::: DATA FOR REVIEW

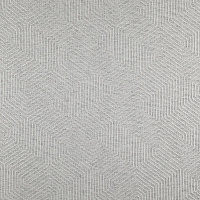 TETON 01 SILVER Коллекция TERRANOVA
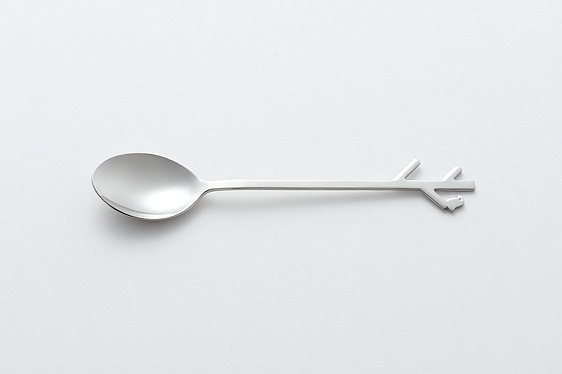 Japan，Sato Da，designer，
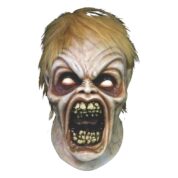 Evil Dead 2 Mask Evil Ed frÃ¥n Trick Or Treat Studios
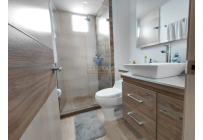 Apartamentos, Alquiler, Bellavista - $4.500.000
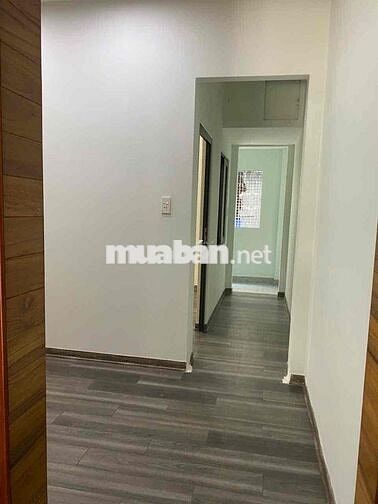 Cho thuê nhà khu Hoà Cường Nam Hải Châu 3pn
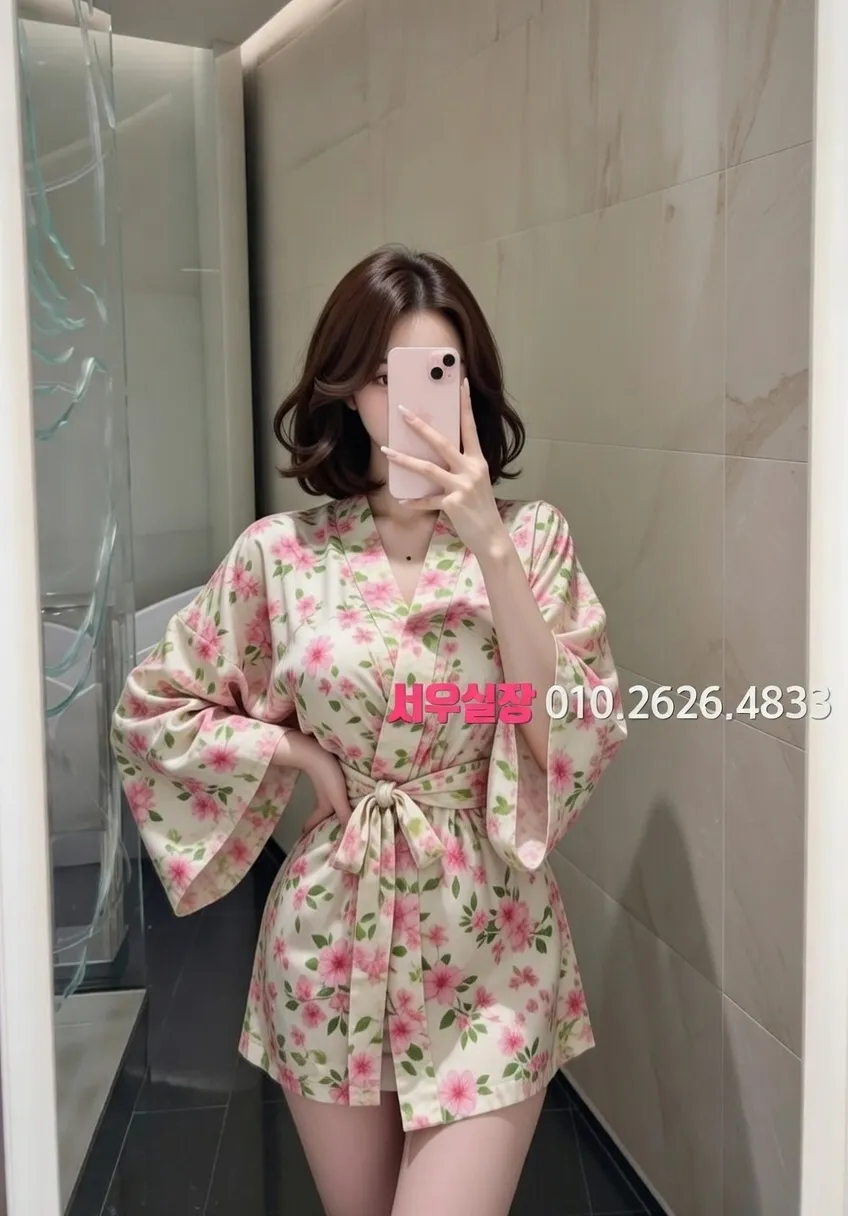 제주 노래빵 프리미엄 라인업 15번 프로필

::::::
::: DATA FOR REVIEW

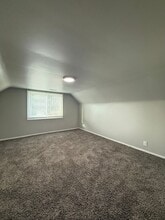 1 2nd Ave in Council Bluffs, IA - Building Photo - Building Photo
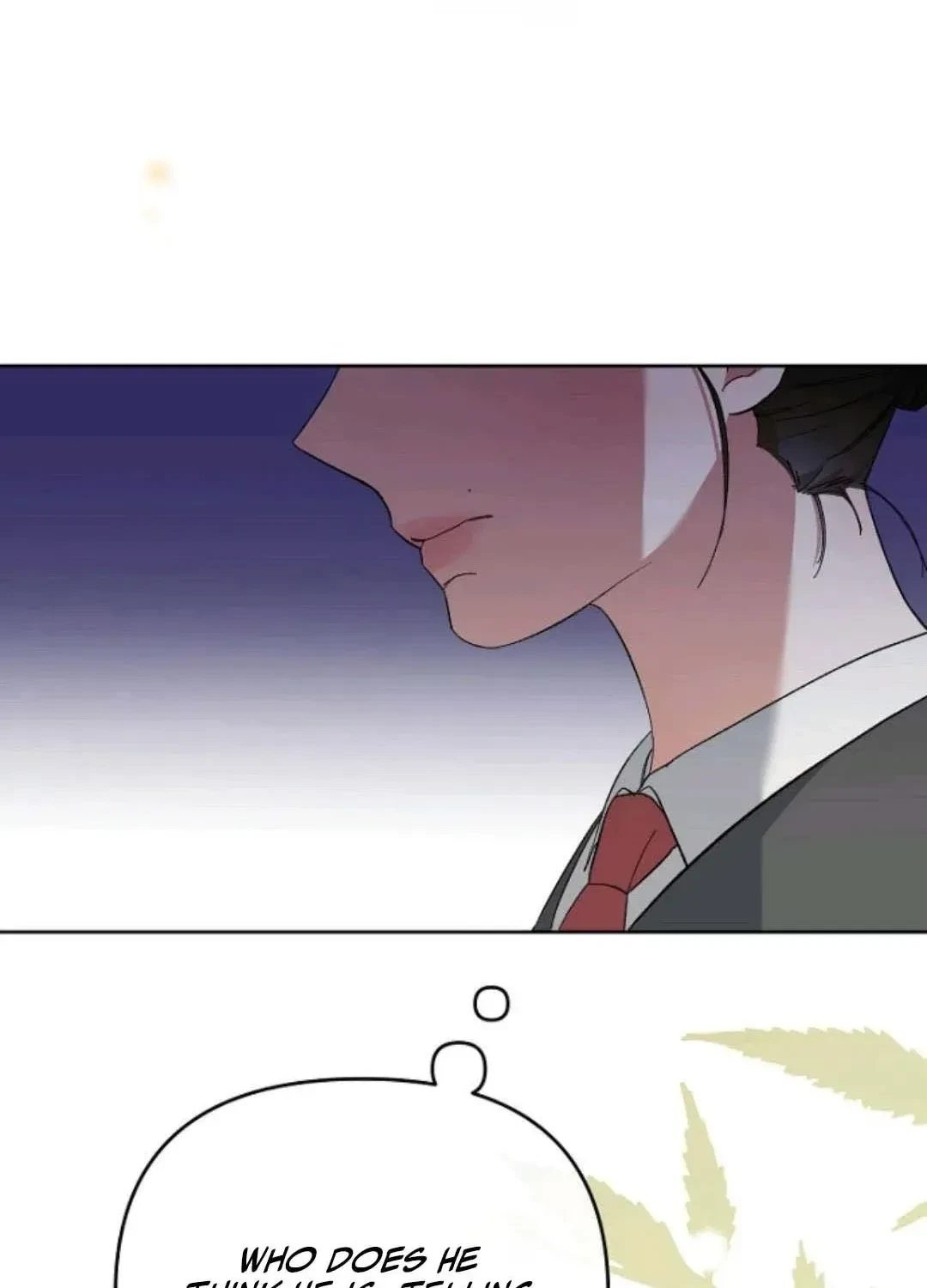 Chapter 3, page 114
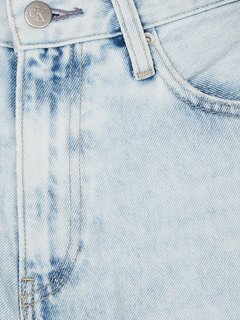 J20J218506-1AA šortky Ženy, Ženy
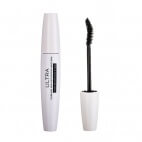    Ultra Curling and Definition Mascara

::::::
::: DATA FOR REVIEW

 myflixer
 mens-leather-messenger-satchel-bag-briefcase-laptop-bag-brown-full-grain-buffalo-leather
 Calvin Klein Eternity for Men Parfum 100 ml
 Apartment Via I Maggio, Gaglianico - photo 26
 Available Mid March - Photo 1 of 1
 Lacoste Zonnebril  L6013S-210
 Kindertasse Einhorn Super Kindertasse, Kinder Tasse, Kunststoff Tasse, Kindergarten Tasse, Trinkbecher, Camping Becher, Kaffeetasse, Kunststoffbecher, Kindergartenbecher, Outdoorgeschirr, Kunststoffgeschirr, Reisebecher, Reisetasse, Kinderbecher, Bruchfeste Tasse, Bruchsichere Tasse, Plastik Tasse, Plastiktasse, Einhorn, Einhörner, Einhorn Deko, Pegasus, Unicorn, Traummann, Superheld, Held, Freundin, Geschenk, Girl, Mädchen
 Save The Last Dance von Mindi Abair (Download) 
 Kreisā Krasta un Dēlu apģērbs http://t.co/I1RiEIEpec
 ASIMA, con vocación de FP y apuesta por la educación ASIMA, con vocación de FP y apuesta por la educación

::::::

TASK REQUIREMENTS: Look above for the line holding "Available Mid March - Photo 1 of 1". Print it and every line after it, exactly, through the line holding "educación ASIMA, con".

TASK SOLUTION:
 Available Mid March - Photo 1 of 1
 Lacoste Zonnebril  L6013S-210
 Kindertasse Einhorn Super Kindertasse, Kinder Tasse, Kunststoff Tasse, Kindergarten Tasse, Trinkbecher, Camping Becher, Kaffeetasse, Kunststoffbecher, Kindergartenbecher, Outdoorgeschirr, Kunststoffgeschirr, Reisebecher, Reisetasse, Kinderbecher, Bruchfeste Tasse, Bruchsichere Tasse, Plastik Tasse, Plastiktasse, Einhorn, Einhörner, Einhorn Deko, Pegasus, Unicorn, Traummann, Superheld, Held, Freundin, Geschenk, Girl, Mädchen
 Save The Last Dance von Mindi Abair (Download) 
 Kreisā Krasta un Dēlu apģērbs http://t.co/I1RiEIEpec
 ASIMA, con vocación de FP y apuesta por la educación ASIMA, con vocación de FP y apuesta por la educación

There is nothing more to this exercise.